USA Today also declared a one-year freeze on wages effective Feb. 1.
Although Gannett is regarded by many analysts as one of the most financially sound U.S. newspaper publishers, the economic recession and the ongoing migration of advertising to the Internet have pounded its revenue prospects.
Gannett had several rounds of layoffs last year, including one in December slashing the work force at most of its U.S. newspapers by 10 percent and another in November cutting newsroom jobs at USA Today by about 5 percent.
Employees must take the furloughs during the first quarter.

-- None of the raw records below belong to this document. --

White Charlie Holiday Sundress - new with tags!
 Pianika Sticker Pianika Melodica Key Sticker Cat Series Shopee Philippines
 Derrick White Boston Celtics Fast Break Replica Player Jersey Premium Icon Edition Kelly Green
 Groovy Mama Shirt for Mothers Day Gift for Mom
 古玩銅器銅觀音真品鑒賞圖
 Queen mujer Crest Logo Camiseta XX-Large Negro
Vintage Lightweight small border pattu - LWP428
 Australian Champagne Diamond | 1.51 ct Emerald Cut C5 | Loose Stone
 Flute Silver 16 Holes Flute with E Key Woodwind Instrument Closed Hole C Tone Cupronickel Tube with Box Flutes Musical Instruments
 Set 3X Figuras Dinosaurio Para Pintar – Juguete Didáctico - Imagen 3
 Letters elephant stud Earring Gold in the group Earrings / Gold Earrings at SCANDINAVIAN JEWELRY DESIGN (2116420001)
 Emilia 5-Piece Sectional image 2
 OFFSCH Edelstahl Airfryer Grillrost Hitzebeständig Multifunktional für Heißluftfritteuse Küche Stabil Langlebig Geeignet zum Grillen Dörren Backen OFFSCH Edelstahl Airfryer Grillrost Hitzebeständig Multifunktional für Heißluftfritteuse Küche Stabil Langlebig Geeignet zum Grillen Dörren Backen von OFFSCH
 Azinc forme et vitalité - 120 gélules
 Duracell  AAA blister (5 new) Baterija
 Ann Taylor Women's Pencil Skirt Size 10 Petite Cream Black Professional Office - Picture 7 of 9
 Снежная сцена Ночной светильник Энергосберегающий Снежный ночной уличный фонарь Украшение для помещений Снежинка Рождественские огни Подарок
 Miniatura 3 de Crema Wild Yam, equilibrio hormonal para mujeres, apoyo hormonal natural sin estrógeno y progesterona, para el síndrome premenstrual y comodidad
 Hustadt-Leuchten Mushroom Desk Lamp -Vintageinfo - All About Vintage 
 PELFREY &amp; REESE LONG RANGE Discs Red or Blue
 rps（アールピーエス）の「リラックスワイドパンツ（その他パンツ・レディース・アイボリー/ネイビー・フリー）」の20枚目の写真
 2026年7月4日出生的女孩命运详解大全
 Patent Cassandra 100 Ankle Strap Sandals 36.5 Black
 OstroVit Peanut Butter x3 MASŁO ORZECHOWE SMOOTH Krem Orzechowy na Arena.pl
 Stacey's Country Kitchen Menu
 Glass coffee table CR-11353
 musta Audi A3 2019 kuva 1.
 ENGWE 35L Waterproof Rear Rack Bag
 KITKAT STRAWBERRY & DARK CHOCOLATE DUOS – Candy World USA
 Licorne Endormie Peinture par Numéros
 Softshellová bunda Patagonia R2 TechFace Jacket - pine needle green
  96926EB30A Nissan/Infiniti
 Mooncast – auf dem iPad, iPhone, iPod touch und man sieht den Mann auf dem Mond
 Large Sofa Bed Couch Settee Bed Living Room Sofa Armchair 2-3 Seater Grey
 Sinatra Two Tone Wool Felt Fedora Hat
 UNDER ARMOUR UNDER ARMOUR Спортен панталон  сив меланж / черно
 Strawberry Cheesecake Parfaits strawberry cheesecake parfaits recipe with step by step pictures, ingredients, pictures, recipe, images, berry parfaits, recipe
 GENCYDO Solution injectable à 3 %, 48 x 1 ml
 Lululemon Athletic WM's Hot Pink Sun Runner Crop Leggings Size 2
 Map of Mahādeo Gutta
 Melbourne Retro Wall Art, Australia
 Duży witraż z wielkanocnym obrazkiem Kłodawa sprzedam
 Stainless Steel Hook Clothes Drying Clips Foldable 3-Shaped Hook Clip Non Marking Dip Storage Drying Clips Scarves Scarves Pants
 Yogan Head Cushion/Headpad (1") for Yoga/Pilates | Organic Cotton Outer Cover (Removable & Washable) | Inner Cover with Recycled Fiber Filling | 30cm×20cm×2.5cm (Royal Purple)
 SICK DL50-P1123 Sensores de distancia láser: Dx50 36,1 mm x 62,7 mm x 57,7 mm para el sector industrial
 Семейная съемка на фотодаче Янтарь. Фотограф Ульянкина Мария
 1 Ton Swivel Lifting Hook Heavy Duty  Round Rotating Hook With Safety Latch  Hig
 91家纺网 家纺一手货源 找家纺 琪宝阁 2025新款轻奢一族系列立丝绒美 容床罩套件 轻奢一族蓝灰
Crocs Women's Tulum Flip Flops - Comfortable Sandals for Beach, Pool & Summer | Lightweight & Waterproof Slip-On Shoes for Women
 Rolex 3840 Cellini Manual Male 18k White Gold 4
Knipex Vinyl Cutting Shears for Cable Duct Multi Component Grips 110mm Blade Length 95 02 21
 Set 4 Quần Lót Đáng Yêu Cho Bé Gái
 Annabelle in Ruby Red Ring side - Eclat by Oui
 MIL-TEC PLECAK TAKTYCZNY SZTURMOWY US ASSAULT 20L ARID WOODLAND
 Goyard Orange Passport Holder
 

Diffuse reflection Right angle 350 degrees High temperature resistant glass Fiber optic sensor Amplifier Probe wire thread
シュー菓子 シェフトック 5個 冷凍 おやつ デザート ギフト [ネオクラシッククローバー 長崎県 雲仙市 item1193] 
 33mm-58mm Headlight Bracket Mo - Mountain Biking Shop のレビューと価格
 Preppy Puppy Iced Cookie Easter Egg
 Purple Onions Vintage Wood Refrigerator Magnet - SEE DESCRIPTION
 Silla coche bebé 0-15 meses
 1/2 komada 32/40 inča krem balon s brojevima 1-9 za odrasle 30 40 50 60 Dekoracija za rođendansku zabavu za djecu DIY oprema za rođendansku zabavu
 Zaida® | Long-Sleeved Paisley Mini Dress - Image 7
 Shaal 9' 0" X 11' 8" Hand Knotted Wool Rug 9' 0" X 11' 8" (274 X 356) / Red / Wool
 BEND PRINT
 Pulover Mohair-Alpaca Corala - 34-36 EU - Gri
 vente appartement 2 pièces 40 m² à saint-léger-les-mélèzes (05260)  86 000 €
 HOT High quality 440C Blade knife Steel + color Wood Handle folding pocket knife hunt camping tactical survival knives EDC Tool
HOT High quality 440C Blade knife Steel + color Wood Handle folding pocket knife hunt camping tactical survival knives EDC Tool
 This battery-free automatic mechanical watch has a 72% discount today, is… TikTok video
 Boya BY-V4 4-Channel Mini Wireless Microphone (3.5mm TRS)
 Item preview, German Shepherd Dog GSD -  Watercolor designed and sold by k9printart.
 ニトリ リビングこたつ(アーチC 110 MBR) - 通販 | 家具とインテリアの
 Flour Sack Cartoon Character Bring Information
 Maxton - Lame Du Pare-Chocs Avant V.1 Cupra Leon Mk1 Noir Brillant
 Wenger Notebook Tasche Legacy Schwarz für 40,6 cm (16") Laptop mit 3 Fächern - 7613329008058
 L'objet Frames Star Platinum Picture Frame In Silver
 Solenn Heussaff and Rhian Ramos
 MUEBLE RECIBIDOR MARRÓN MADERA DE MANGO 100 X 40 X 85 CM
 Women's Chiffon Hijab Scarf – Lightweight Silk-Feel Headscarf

Union-covered employees will be asked to participate, and layoffs are possible if they refuse.
"After much consideration, we decided a furlough program would be the fairest and least intrusive way to meet these fiscal challenges in the first quarter, which is traditionally the lightest time of the year," Gannett Chief Executive Craig Dubow said in a staff memo. "We sincerely hope this minimizes the need for any layoffs going forward."
Gannett owns 85 U.S. daily newspapers and 23 TV stations in the U.S. It has more than 40,000 employees.
USA Today Publisher Craig Moon told employees in a separate memo that their sacrifices will keep the newspaper healthy.
"We find ourselves in an incredibly tough media and economic climate," Moon said. "Our advertising revenues continue to slump as we enter 2009. With little visibility of future ad schedules, we like others at Gannett, have had to make some very difficult decisions."
Gannett's British employees are not affected, but the U.K.-based Newsquest division is taking other, unspecified expense-reduction measures.